Wissensmanagement » Sie befinden sich auf einer Archivseite, die dem Kapitel Pflichten m Abschnnitt Recht des Mediationshandbuchs zugeordnet werden kann. Es geht um die konzentrierte Zusammenstelliung der Pflichten des Mediators in der Mediation. Beachten Sie bitte auch:

Pflichten Pflichtenverzeichnis Verantwortung Fürsorgepflicht Pflichtverletzung Aufgabenverzeichnis Haftung

Das Pflichtenverzeichnis ergänzt den Mediatorenkoffer und den Beitrag über die Pflichten des Mediators.

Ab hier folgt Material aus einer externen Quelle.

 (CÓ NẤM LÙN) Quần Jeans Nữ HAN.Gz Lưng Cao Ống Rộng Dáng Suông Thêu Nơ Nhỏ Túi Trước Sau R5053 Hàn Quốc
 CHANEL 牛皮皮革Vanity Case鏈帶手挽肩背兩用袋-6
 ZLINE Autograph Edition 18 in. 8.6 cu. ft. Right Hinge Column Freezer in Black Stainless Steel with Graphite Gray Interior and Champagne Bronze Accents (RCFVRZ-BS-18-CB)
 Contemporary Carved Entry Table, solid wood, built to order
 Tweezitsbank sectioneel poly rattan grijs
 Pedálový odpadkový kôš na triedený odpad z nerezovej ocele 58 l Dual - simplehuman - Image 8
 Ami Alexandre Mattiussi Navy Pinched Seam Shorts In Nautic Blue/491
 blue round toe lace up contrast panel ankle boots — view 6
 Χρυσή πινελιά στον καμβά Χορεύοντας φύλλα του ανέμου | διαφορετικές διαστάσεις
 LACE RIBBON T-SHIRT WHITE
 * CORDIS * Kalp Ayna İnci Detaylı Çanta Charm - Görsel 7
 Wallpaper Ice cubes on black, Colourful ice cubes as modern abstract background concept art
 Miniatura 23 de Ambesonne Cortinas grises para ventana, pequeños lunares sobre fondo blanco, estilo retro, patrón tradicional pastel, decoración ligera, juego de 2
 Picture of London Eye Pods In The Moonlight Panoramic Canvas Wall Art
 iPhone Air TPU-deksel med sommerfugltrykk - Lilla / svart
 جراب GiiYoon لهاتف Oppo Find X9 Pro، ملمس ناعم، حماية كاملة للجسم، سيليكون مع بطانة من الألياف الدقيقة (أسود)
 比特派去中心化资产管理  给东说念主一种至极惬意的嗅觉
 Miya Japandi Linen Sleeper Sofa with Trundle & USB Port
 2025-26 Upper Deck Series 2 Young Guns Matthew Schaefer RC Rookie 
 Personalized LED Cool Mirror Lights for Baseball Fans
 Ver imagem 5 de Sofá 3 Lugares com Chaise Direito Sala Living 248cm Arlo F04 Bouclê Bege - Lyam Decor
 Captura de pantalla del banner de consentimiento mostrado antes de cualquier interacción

Die Kenntnis der Pflichten ist eine wichtige Hilfe zur rechtssicheren Durchführung der Mediation. Sie soll dazu beitragen, die Werkzeuge korrekt im Sinne der Mediation zu verwenden. Pflichtverletzungen führen zu Mediationsfehlern, so wie Fehler zu einer Pflichtverletzung führen können. Die Unterscheidung ist wichtig für die Frage der Haftung des Mediators. Bitte beachten Sie den Grundsatz:

 Merke:
Leitsatz 4392 - Nicht jeder Fehler führt zur Haftung. Nur Fehler, die als Pflichtverletzungen einzustufen sind, lösen einen Anspruch aus!

Mit diesem Merksatz wird die Bedeutung eines Verzeichnisses herausgestellt, in dem die Pflichten des Mediators zusammengeführt werden. Die Aufstellung ergänzt das Fehlerverzeichnis. Sie mag dazu beitragen, Fehler zu vermeiden und Fehler zu erkennen. Um die Pflichten systematisch zu erfassen, wird nach ihrer Herkunft, der Rechtsquelle und ihrer Art unterschieden.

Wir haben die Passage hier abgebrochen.